Он стал усиленно заниматься, кажется, после долгого перерыва, даже сдал какой-то экзамен, но весной куда-то внезапно, как и появился, исчез. Осенью прошел слух, что он женился на богатой купчихе. И в начале зимы он появился в университете, в столовой Общества юристов, соответственно облаченный. Шикарная доха, цилиндр, трость с набалдашником, в глазу монокль и с сигарой в зубах. Его, конечно, окружила целая толпа:
— Троянов, ты ли это? Расскажи, как живешь, разбогател?

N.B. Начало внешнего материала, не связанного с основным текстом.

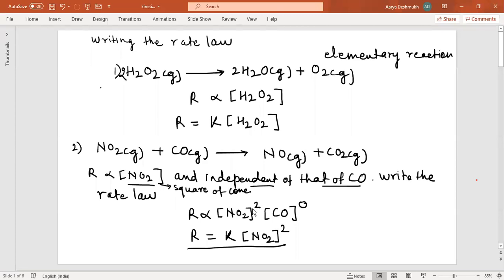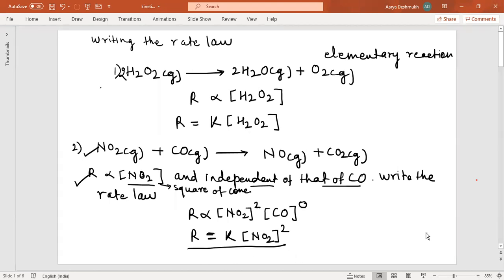For this particular reaction, from this given information, you can write the rate law. To write the rate law, you need some information to be given. As I mentioned in the earlier lecture, it is not possible just by looking at the reaction to write the rate law. So how will you define the rate law? Rate law is an expression in which the reaction rate R is given in terms of molar concentration.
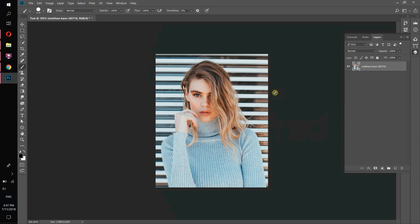What's up guys, I hope you enjoyed the courses so far. Last lesson we learned how to use brush and how to use mask in order to make our adjustment layers appear only on some parts of the image.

Один из дежурных членов столовой, недовольный импровизированной сходкой, сделал ему замечание:
— Троянов, здесь нельзя курить.
— Ничего, я не затягиваюсь.
И начались рассказы о его новой жизни, все, конечно, в сугубо серьезном тоне: о его фантастических отношениях с родителями его жены, людьми простыми, и о том, как он проводит свой день. Помню только, что кофе утром он всегда, «разумеется», пьет в постели, а когда идет в уборную, то граммофон должен играть «Я уголок свой убрала цветами…». Хулиганил он в университете по-прежнему, но теперь уже в сугубо презрительном стиле. Однажды он появился на каком-то студенческом собрании, очень скучном, но на котором представители всех студенческих партийных фракций считали нужным сразиться. Председательствовал эсер Г. Он был ярким блондином, с круглым и румяным лицом. Троянов, ко всем всегда обращавшийся на «ты», очень зло прозвал Г. Матреной и неизменно так к нему и обращался. Г. приходил от этого в бешенство. Явился Троянов на собрание в своей дохе и цилиндре и сел на самой верхней лавке аудитории-амфитеатра. Это уже не предвещало ничего хорошего. Первокурсники, с «должным» почтением слушавшие речи «лидеров», все-таки иногда с нетерпением поглядывали наверх: «Что-то доха сегодня выкинет?» Наконец он начал. Попросив слова, он с самым серьезным видом стал говорить, что студенчество — авангард культуры, и упрекал председателя в том, что он забыл о важном событии. Умышленно длинная и очень внешне складная речь закончилась предложением почтить память только что скончавшегося Полонского вставанием. Председатель смешался. Всем было ясно, что это издевка, но отказать нельзя. Почтили. Прошло еще минут десять. Троянов стал громко зевать. Председатель призвал его к порядку.
— Слушай, Матрена, очень скучно, пора кабаре начинать. Если ты сам ничего не приготовил, то я могу выступить, например, изобразить открытие Северного полюса Пири и Куком. Вот приходит белый медведь.